[illumos-Developer] webrev: multibyte locale collation and license cleanups

Garrett D'Amore garrett at damore.org
Fri Sep 17 20:01:04 PDT 2010


This is a big review, but its *really* only 2700 lines when you factor
out the two files that are each over 20,000 lines.  (The UnicodeData.txt
file and the generated map file from it.)

The review is here:

	 http://mexico.purplecow.org/gdamore/webrev/collate/


There are three bugs:

a) fixing the collation support for multibyte locales (this is *all*
UTF-8 locales other than English, so its quite important.)  The original
FreeBSD code lacked the necessary code.  Apple had updated their copy
(which apparently they did not copyright!) up at opensource.apple.com,
so I borrowed from that.  However, the Apple code also had a number of
Darwin-isms, as well as support for POSIX 2008.  So I borrowed the logic
from Apple that I wanted, without actually wholesale lifting the code.
Some of the logic includes stuff in libc for a real localedef, but we
mkcollate is not yet capable of generating the underlying data files
(this is for some very sophisticated collation support.)
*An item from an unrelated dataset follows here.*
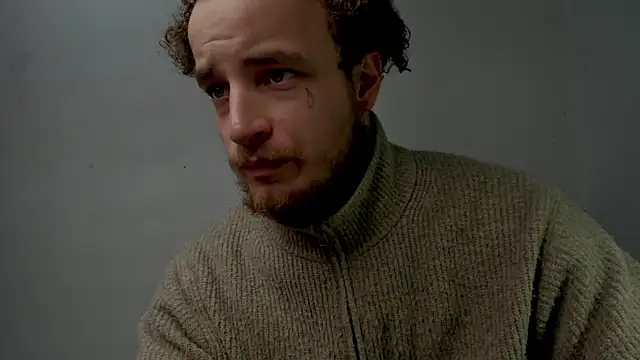 layneinchains online show from October 29, 6:49 am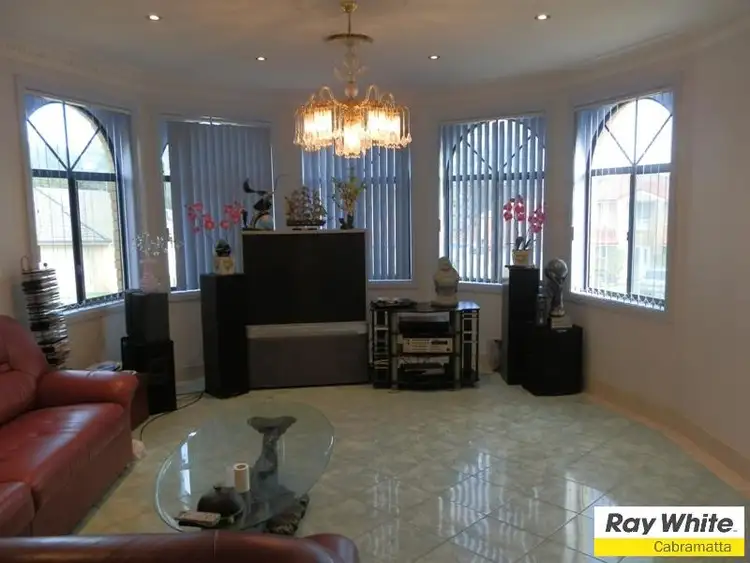 Seventh view of Homely house listing, Address available on request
b) I created a script and added autogeneration of the THIRDPARTYLICENSE
file all of libc.  See "extract-copyright.pl" in the review.  I also
converted a few files that Nexenta (my employer) is the sole property
owner of to CDDL 1.0, and used the new non-Oracle prototype file.  There
were a number of tiny updates to the BSD files here to move the
copyright message for Nexenta into the top of the BSD copyright, which
is the "correct" place for them to exist in a BSD licensed file (the
license explicitly refers to the "above copyright notice". :-)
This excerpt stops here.